If the changed circumstances in El Salvador with respect to Barrio 18 are such that there is no longer a basis for finding a “credible fear of persecution” at the hands of that gang, that issue can be heard and resolved by an Immigration Judge through a telephone conference without Abrego-Garcia’s consent to proceed in that fashion.
So there is a simple solution to fixing the WOR problem that does not require Abrego Garcia being returned to the United States. These proceedings are through the Immigration Court that is part of the Executive Branch, and over which the Article III district courts have been divested of jurisdiction by the Congress. Judge Xinis has no authority to interfere in this process if DOJ chooses to revisit the WOR benefit in this fashion. Abrego Garcia would have a right to appeal the outcome to the Board of Immigration Appeals and then to the Court of Appeals for the Fourth Circuit.
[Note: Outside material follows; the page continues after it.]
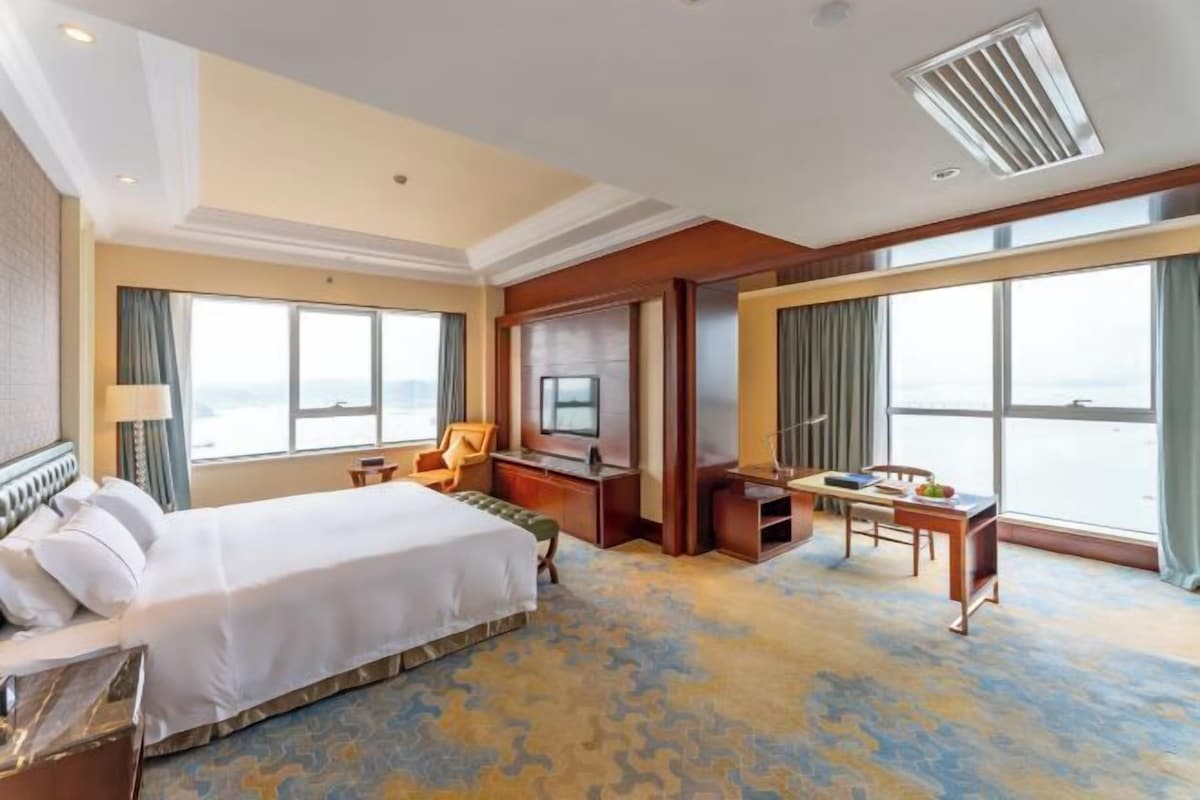 A hotel room with a large bed, a desk, a television, and a view of the sea.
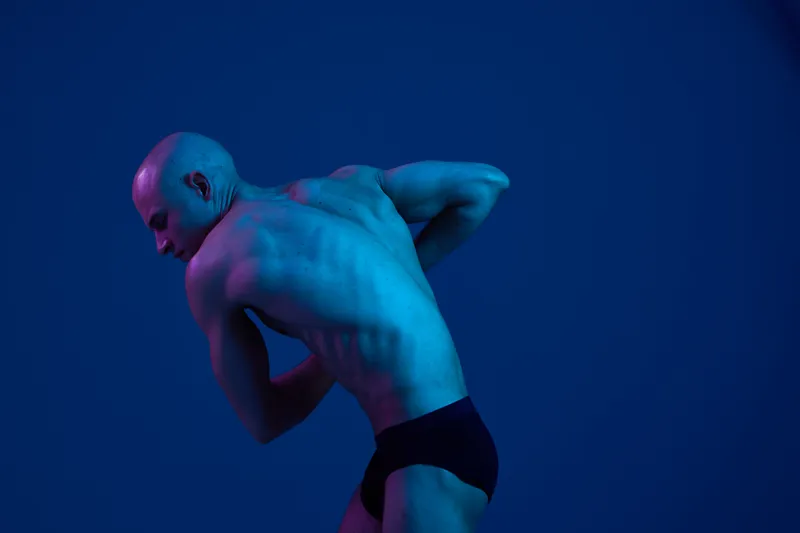 A strong man poses dramatically in a dark setting, showcasing his athletic physique against a moody blue background. The image has a modern, artistic feel.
Both could be done on his behalf without his presence in the United States.
The only remaining hurdle is a political one — the Administration seems unwilling to proceed in a manner that could be construed as acknowledging the validity of the Order from Judge Xinis. It seems intent on continuing to contest the legal validity of the order itself, as well as the sufficiency of the the language of the Order following the Supreme Court’s earlier intervention directing her to provide more clear guidance — which she thereafter declined to offer.
I predicted last week when this issue turned volatile that the Administration would fix the error involving Abrego Garcia, but it would not do so in response to a judicial order that it act in any specific manner in correcting the error. This is an Executive error, subject to correction through administrative processes in the Executive branch, and involving a subject matter that is within the exclusive authority of the Executive. It is going to resolve it in that manner without conceding that the Article III district court has any role to play."